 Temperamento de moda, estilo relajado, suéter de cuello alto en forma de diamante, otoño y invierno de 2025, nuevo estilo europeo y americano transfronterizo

──────────────────────────────

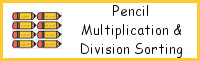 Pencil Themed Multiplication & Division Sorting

──────────────────────────────

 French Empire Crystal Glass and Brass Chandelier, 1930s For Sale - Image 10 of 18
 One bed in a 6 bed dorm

──────────────────────────────

What needs to be done: Your answer should consist solely of the lines above from the line with "French Empire Crystal" to the line with "One bed in a 6 bed dorm", both included, reproduced exactly.

Output for this exercise:
 French Empire Crystal Glass and Brass Chandelier, 1930s For Sale - Image 10 of 18
 One bed in a 6 bed dorm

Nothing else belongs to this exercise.